::: Supplied material

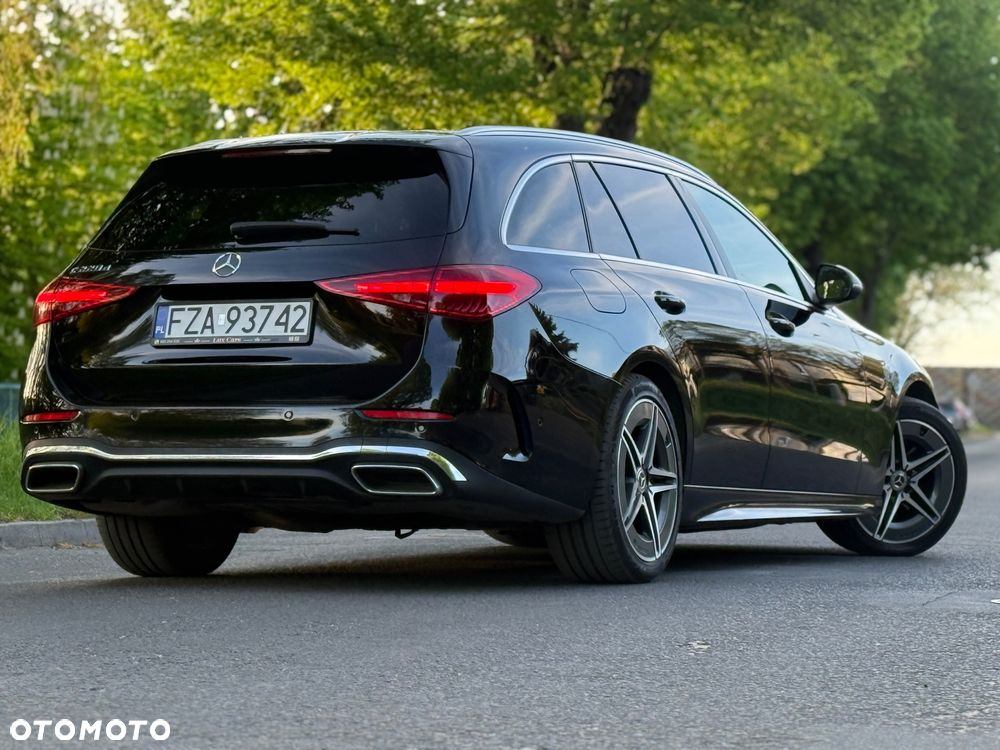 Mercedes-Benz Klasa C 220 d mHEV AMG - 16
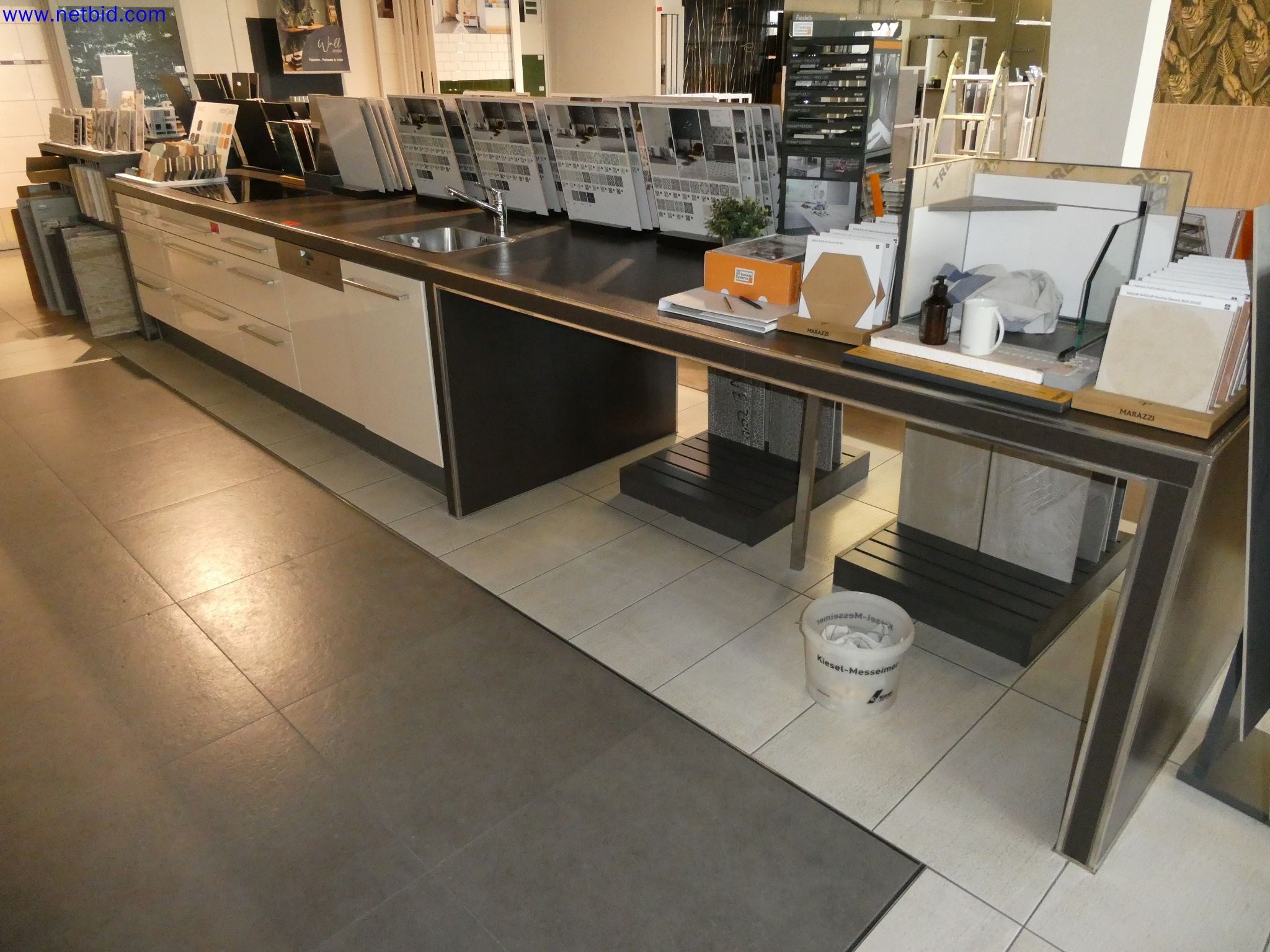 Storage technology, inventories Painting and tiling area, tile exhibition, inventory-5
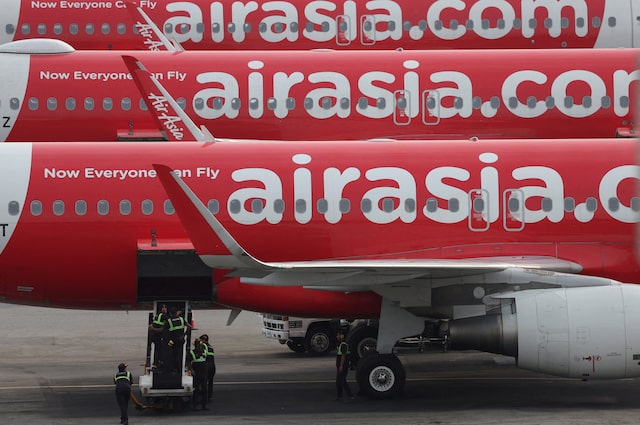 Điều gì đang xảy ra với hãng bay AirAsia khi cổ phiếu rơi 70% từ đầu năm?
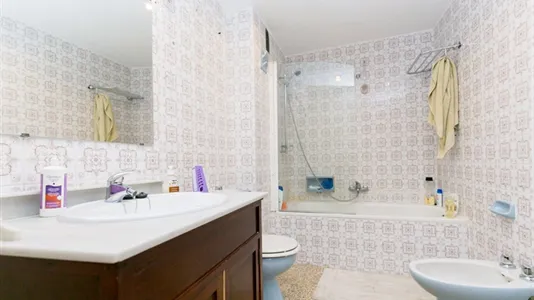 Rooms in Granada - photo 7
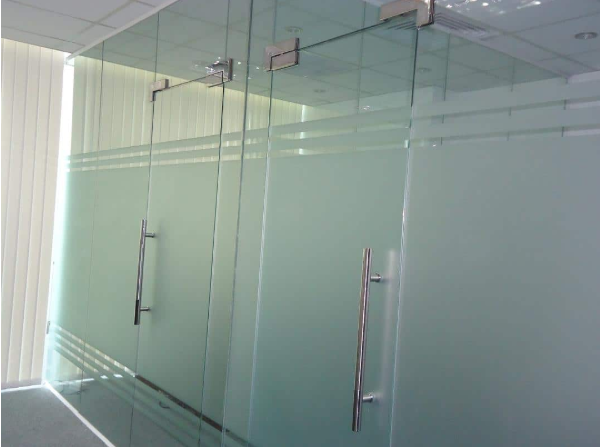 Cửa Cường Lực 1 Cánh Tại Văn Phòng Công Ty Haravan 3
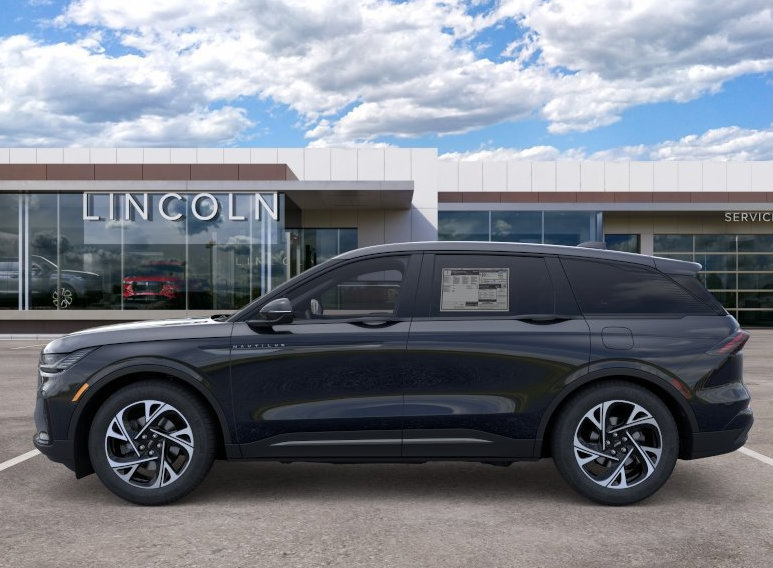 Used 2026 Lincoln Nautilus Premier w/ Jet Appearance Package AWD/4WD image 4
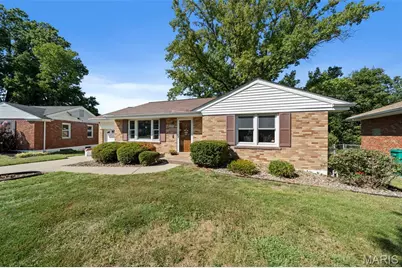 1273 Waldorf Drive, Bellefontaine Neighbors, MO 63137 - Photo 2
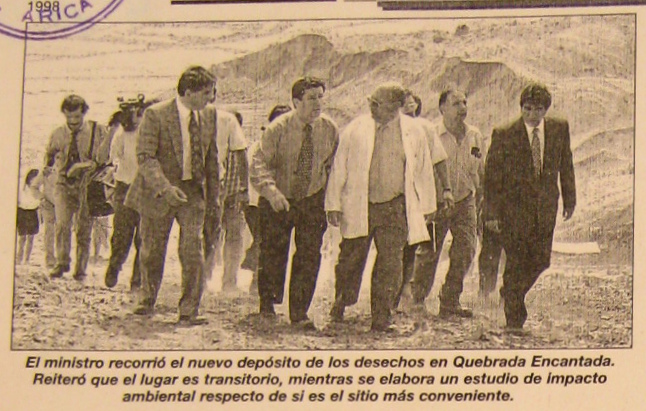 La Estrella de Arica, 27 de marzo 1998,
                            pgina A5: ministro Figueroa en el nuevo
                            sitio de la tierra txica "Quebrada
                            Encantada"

::::::

* **Work instruction**:
Leaving all pictures aside, print exactly the lines from the one that contains "La Estrella de" through the last line of the data above, inclusive.

* **Task answer**:
 La Estrella de Arica, 27 de marzo 1998,
                            pgina A5: ministro Figueroa en el nuevo
                            sitio de la tierra txica "Quebrada
                            Encantada"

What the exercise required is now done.